Information supplied:
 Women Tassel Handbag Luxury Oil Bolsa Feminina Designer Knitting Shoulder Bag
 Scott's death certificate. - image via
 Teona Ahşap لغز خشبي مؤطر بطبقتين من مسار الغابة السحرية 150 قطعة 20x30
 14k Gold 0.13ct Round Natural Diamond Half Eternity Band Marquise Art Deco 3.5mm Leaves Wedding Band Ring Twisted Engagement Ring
--
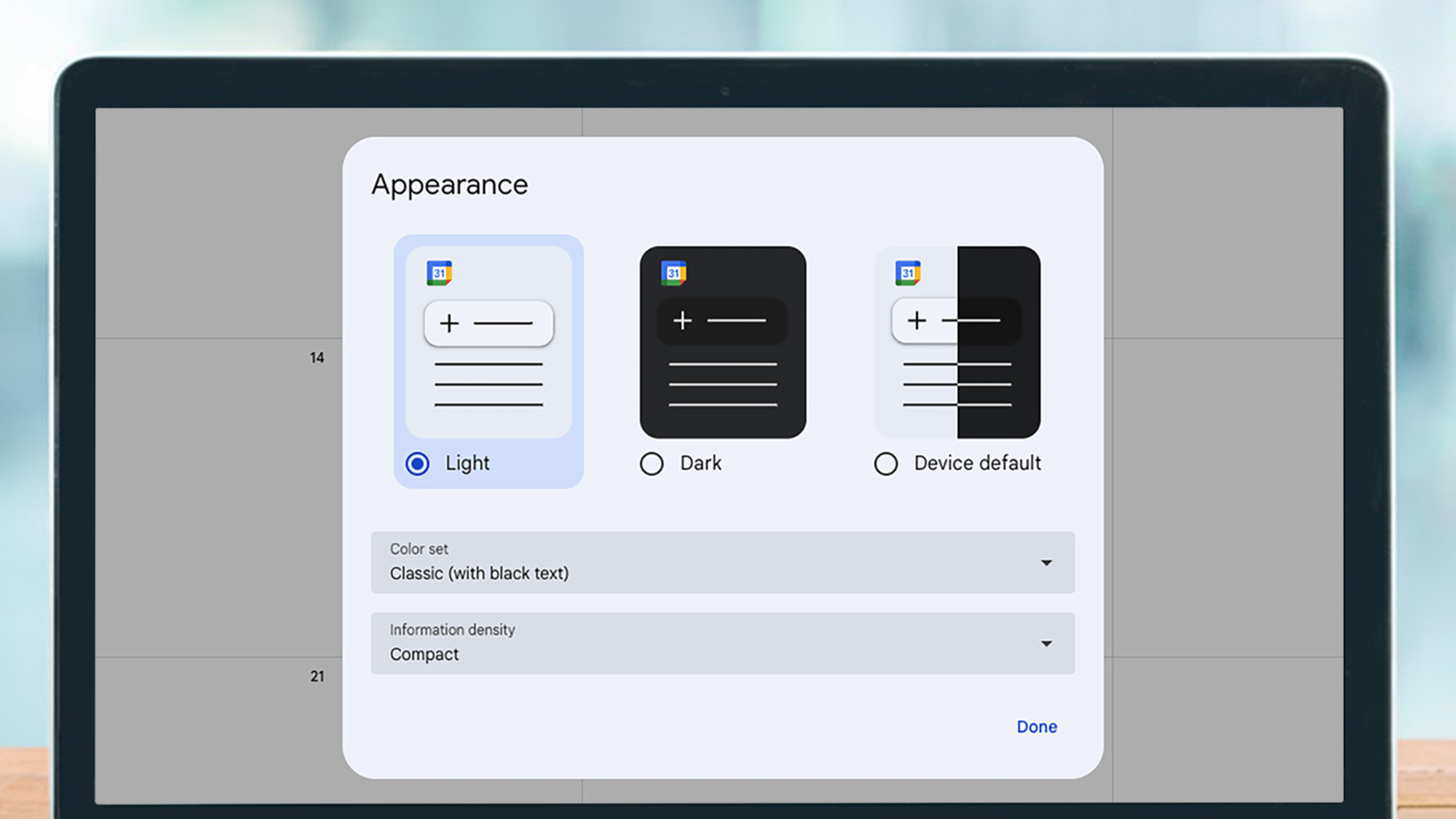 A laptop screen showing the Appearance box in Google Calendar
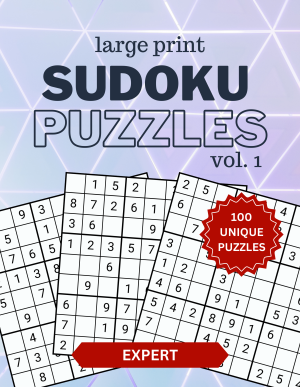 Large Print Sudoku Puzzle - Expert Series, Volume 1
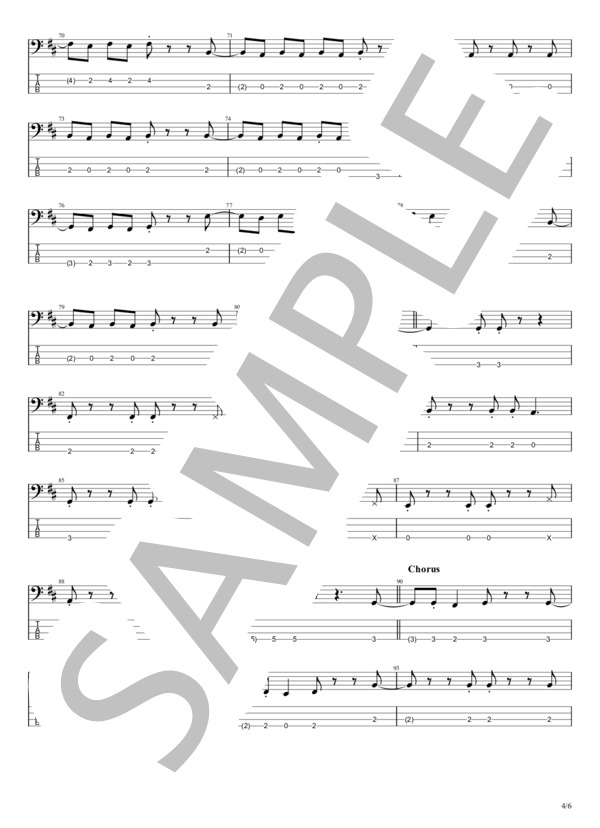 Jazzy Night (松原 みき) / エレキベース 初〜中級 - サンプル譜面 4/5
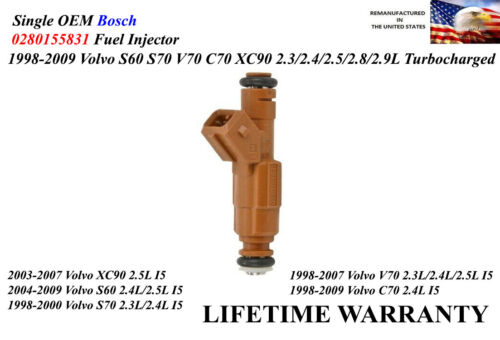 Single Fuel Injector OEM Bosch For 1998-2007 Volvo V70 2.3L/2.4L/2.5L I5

Task instructions: Using the data above, print exactly the lines from the line that contains "Women Tassel Handbag" through the line that contains "14k Gold 0.13ct", with both included.

Your response:
 Women Tassel Handbag Luxury Oil Bolsa Feminina Designer Knitting Shoulder Bag
 Scott's death certificate. - image via
 Teona Ahşap لغز خشبي مؤطر بطبقتين من مسار الغابة السحرية 150 قطعة 20x30
 14k Gold 0.13ct Round Natural Diamond Half Eternity Band Marquise Art Deco 3.5mm Leaves Wedding Band Ring Twisted Engagement Ring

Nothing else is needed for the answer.